Below are the records. List every line holding the word "with".

========================================================================

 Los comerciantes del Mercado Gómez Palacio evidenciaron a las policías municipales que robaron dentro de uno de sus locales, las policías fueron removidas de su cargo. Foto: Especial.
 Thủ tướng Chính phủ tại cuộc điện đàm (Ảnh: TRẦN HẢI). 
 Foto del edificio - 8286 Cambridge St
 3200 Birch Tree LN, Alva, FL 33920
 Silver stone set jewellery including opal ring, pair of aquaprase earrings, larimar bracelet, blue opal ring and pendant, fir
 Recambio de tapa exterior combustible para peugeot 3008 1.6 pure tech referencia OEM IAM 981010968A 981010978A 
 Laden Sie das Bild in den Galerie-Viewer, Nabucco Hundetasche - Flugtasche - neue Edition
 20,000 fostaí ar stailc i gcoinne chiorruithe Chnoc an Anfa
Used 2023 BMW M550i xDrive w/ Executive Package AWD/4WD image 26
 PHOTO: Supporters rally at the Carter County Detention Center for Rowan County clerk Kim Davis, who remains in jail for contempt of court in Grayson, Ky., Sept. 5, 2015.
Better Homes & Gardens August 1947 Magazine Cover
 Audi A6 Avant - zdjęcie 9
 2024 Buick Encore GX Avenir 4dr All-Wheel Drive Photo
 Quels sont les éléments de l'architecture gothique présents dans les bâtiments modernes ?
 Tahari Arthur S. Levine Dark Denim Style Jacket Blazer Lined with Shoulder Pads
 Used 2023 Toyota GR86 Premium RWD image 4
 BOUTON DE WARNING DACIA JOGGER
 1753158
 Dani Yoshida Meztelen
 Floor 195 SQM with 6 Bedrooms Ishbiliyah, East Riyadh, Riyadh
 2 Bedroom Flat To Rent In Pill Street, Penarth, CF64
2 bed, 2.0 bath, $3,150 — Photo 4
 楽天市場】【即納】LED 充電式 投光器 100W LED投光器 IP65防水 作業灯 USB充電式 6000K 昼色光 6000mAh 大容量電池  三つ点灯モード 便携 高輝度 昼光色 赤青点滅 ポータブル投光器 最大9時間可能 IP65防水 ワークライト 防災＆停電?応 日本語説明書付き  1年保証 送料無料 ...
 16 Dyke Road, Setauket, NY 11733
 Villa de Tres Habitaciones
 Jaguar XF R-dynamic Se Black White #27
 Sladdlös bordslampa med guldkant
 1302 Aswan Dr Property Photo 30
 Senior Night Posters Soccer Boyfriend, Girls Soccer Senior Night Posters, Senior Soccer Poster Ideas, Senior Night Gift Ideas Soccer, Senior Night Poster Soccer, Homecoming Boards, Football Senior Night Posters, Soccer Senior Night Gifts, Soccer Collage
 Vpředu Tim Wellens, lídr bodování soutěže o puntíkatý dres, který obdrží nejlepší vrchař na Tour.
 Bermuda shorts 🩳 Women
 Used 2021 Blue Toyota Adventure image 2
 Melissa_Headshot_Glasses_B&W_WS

========================================================================

*EXERCISE OUTPUT*:
 Tahari Arthur S. Levine Dark Denim Style Jacket Blazer Lined with Shoulder Pads
 Floor 195 SQM with 6 Bedrooms Ishbiliyah, East Riyadh, Riyadh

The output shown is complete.